Penginderaan Jauh Bantu Pantau Mutu Air dan Penanganan Sampah Laut
Data citra satelit penginderaan jauh dapat dimanfaatkan untuk memantau kualitas air dan penanganan sampah laut. Hal ini juga telah digunakan ntuk memantau kualitas air di berbagai wilayah di Indonesia.
Oleh
PRADIPTA PANDU
·4 menit baca
JAKARTA, KOMPAS — Data citra satelit penginderaan jauh telah banyak dimanfaatkan oleh berbagai pihak, termasuk untuk memantau kualitas air dan penanganan sampah laut. Pemanfaatan penginderaan jauh ini juga telah digunakan untuk pemantauan kualitas air dan penanganan sampah di berbagai wilayah perairan di Indonesia.
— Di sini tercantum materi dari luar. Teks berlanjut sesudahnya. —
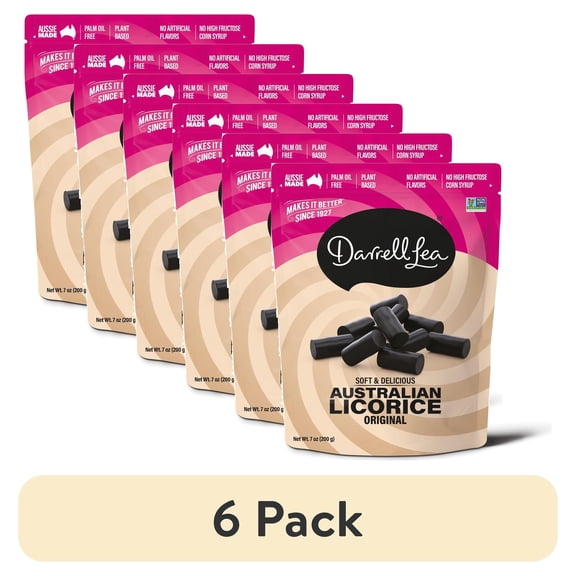 (6 pack) Darrell Lea Soft Eating Original Flavor Licorice Bites, 7 oz. Regular Bag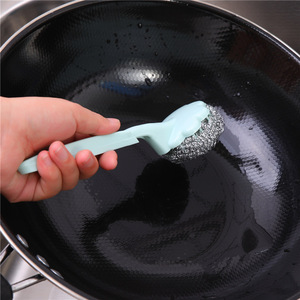 Estropajo de lana de acero de mango largo, cepillo para lavar platos y ollas con forma de flor de ciruelo, estropajo de lana de acero inoxidable para limpieza. - Product Image 3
Peneliti Pusat Riset Penginderaan Jauh Badan Riset dan Inovasi Nasional (BRIN), Ety Parwati, mengemukakan, penginderaan jauh memiliki beragam manfaat untuk proses pemantauan karena cakupannya luas, konsisten, real-time, biaya relatif murah, faktual, dan terukur. Sistem ini bahkan kerap digunakan sebagai bukti fisik terkait adanya pelanggaran pidana.
”Kami sudah lama menggunakan data penginderaan jauh untuk mengamati kualitas air dengan deteksi muatan padatan tersuspensi (MPT). Jadi, MPT ini merupakan salah satu parameter untuk baku mutu air laut dan melihat apakah laut kita tercemar atau tidak,” ujarnya.
Ety Parwati menyampaikan hal itu dalam diskusi daring bertajuk ”Peran Penginderaan Jauh dalam Pelestarian Lingkungan dan Sumber Daya Alam”, Jumat (25/8/2023), di Jakarta.
Pencemaran laut di berbagai wilayah di Indonesia dapat terjadi karena masuknya partikel kimia, limbah industri, pertanian, dan perumahan, kebisingan, atau penyebaran organisme invasif ke dalam laut yang berpotensi memberi efek berbahaya.
Kami sudah lama menggunakan data penginderaan jauh untuk mengamati kualitas air dengan deteksi muatan padatan tersuspensi.
Beberapa penyebabnya, antara lain, tumpahan minyak, pencemaran logam berat, sampah, serta eutrofikasi ataupun peningkatan kadar mineral dan nutrien.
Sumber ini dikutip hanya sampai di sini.